• [ASSIGNED TASK]: Make an exact copy of the lines from the one containing "Subaru 87501VA011 Camera Assembly" through the end of the material, including both ends but no pictures.

• [EXERCISE MATERIAL]:
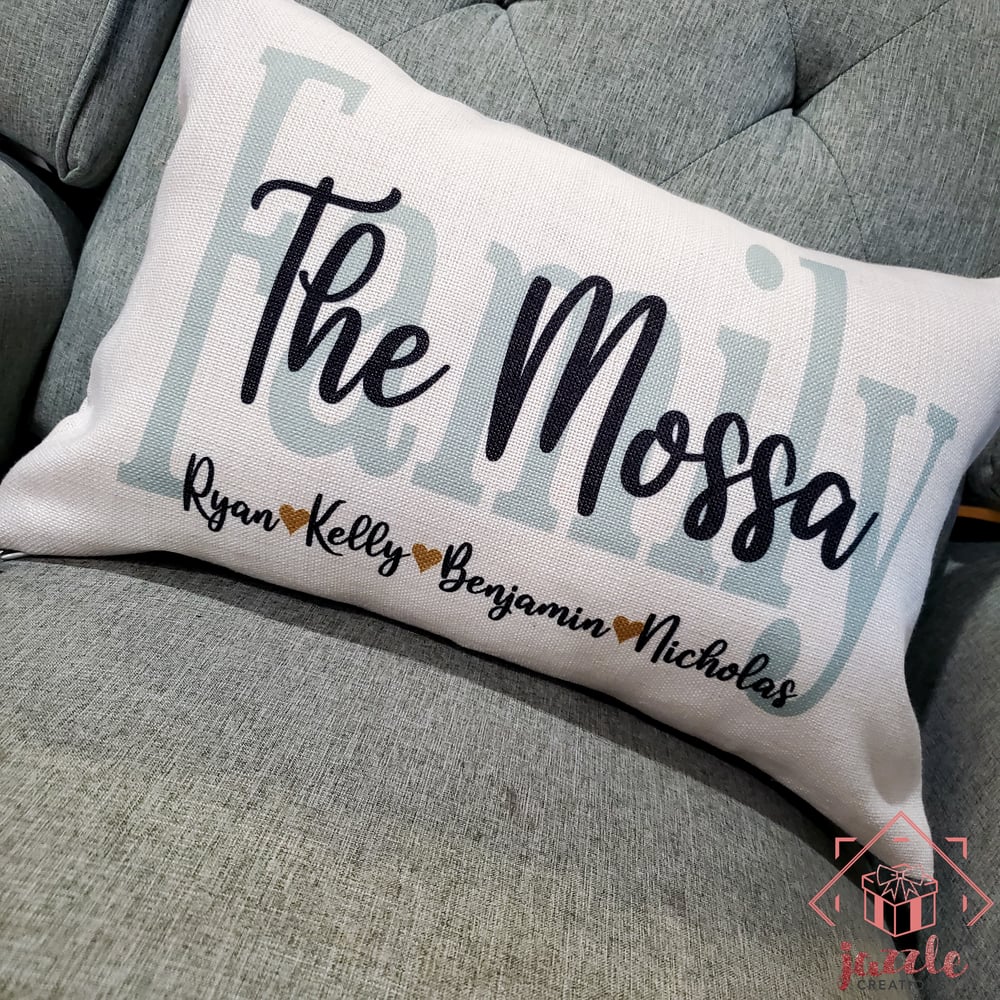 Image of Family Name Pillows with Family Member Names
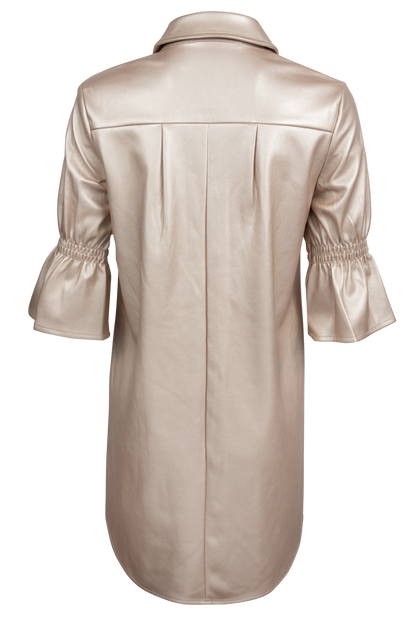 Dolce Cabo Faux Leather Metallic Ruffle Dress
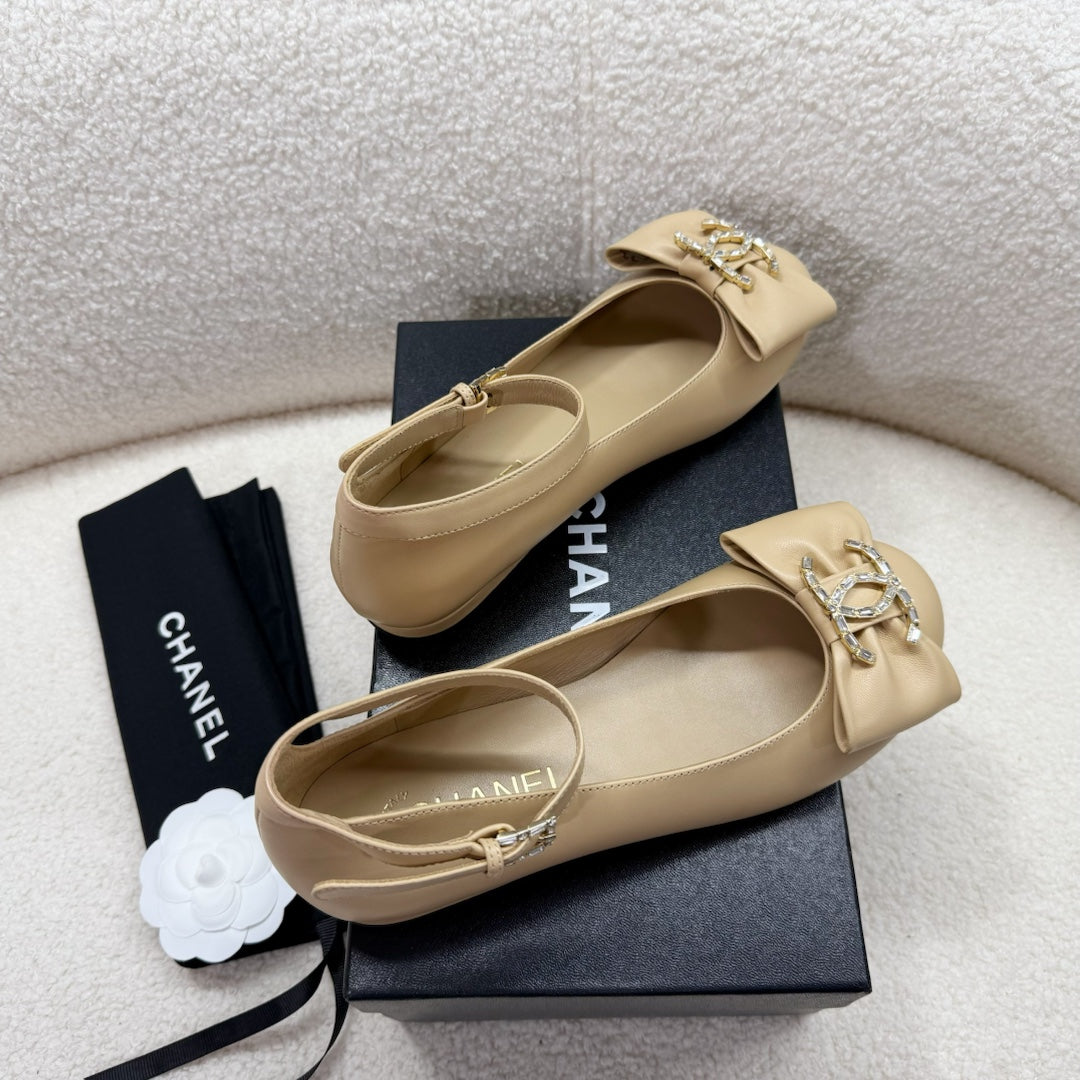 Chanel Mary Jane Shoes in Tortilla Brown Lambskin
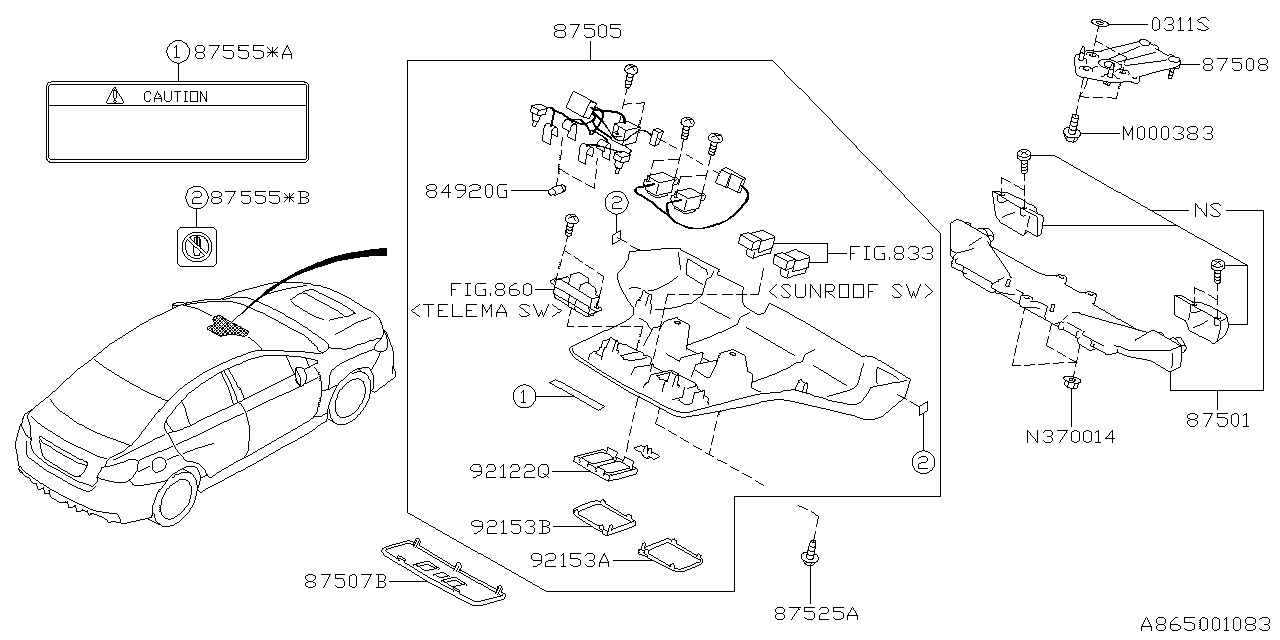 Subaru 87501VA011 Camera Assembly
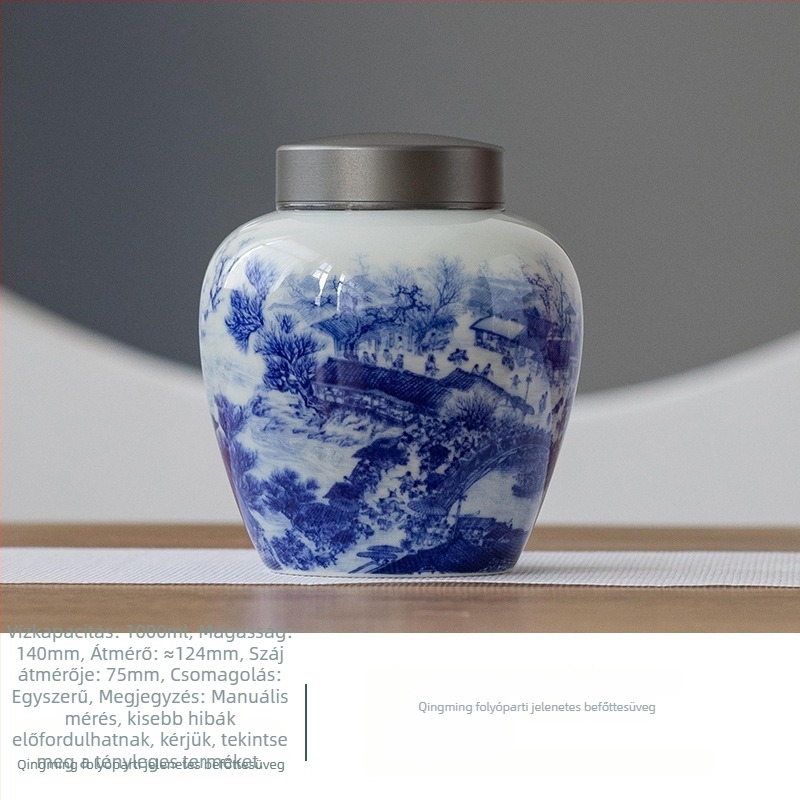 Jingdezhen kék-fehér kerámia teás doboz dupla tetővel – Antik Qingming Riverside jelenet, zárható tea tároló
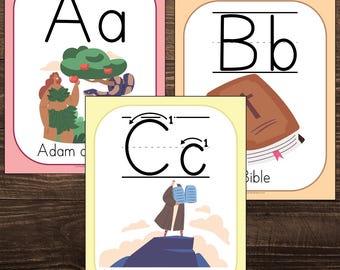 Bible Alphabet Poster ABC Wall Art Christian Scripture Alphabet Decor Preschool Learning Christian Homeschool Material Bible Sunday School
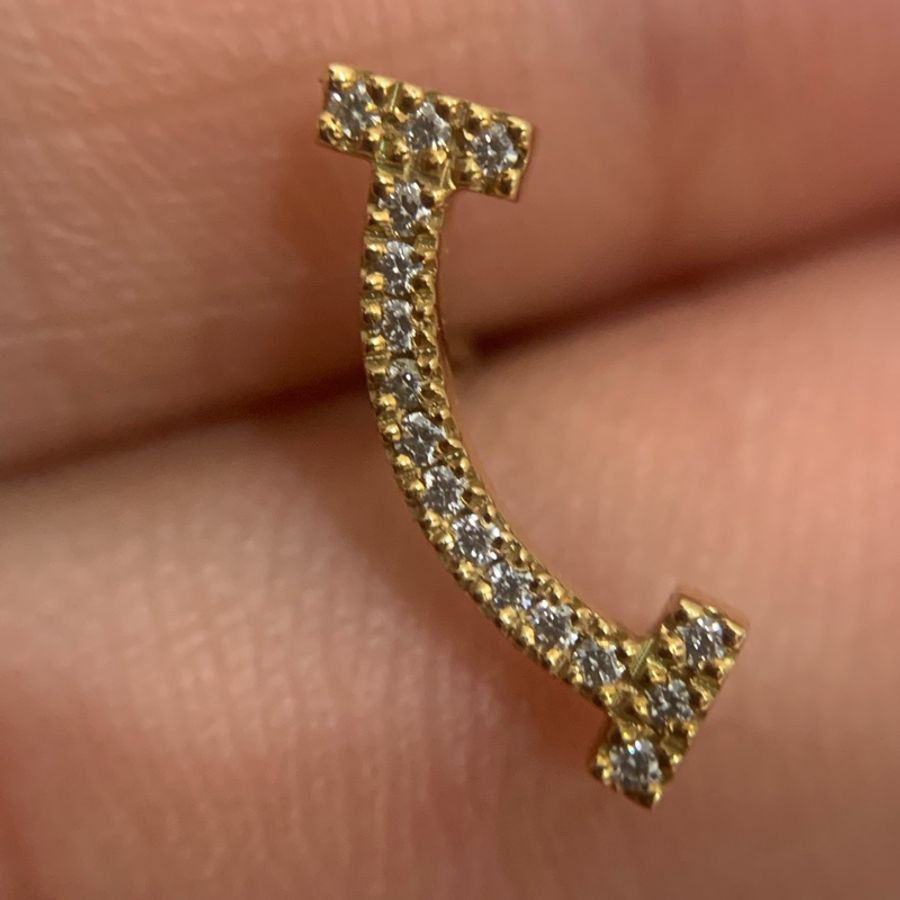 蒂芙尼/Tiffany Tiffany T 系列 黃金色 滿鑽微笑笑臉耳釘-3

• [OUTPUT FOR THIS TASK]:
 Subaru 87501VA011 Camera Assembly
 Jingdezhen kék-fehér kerámia teás doboz dupla tetővel – Antik Qingming Riverside jelenet, zárható tea tároló
 Bible Alphabet Poster ABC Wall Art Christian Scripture Alphabet Decor Preschool Learning Christian Homeschool Material Bible Sunday School
 蒂芙尼/Tiffany Tiffany T 系列 黃金色 滿鑽微笑笑臉耳釘-3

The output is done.